The influx of foreign students (Gronigen, Maastricht) has nothing to do with the 'quality', and everything to do with the fact that they (a) offer Bachelor degrees in English, and (b) offer these degrees at just under €2000 per year to EU students, as opposed to the 9k it costs for the equivalent degree in England.

At the end of the day, a BA, BSc or BEng is the key to most grad jobs, regardless of where it was obtained (snobs can rave about Oxbridge or Ivy league right after this post).

Most degree content quickly becomes obsolete anyway and your 'work experience' outweighs it by the time you go for your second or third job interview.

By osita | December 12, 2012 6:30 PM

The government should take credit for stimulating more people to take Masters Degrees. It wasn't their brilliant strategy of 'fines', all that did was upset people. It was their inability to create jobs. Rather than be homeless and jobless, these youth continue in education, and after a Masters it will be a PhD. This is known as "hidden unemployment".

By jaycee | December 12, 2012 7:03 PM

Is it just me or is the dramatic title stat not confirmed anywhere in the article?

Where are the stats to back up the claim that more than half are still in education??

36% is a third and definitely not more than half. Unless we are also including young people under 17, a group in which close to 100% would be in education

By Reader | December 13, 2012 12:51 AM

It is ok to offer degree in english but non domestic students should pay a higher fee. There should be three categories of fees, domestic, eu non domestic, outside eu to be fair to the taxpayers.

By ufo | December 13, 2012 8:42 AM

If they cannot get a job, it is better to continue to study than to do nothing.

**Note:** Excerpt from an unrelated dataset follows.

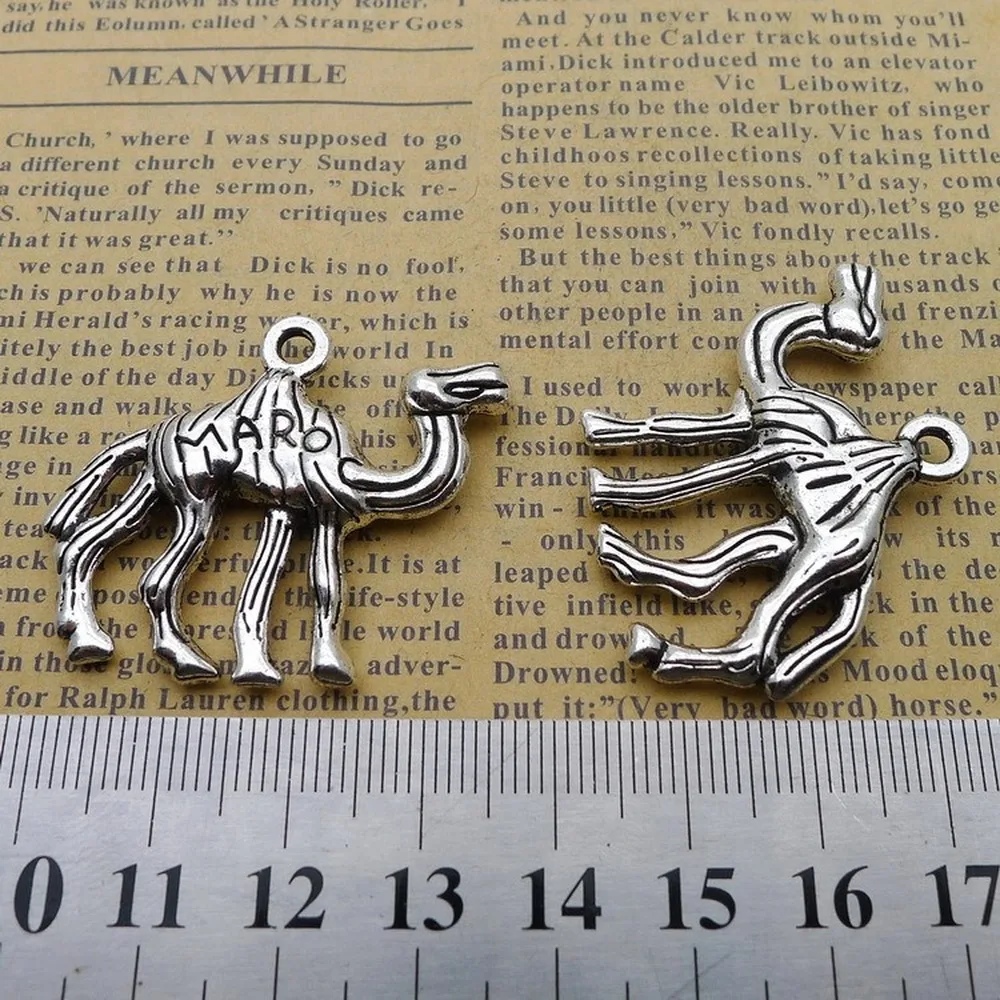 

25pcs Camel Charms 33mm x 40mm DIY Jewelry Making Pendant antique silver color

Gov must attract more firms and create jobs.

By auto | December 13, 2012 8:52 AM

jaycee, "hidden unemployed" will be really unemployed right after graduation if their studies are pointless and unrelated to the job market.
What's the point in pushing youngsters to graduate in any subject as long as they graduate, rather than promote the knowledge areas which at present are not covered by Dutch workforce but by highly skilled immigrants?
There are jobs for skilled people, but plenty of them are not accessible to Dutch graduates because of the wrong study experience.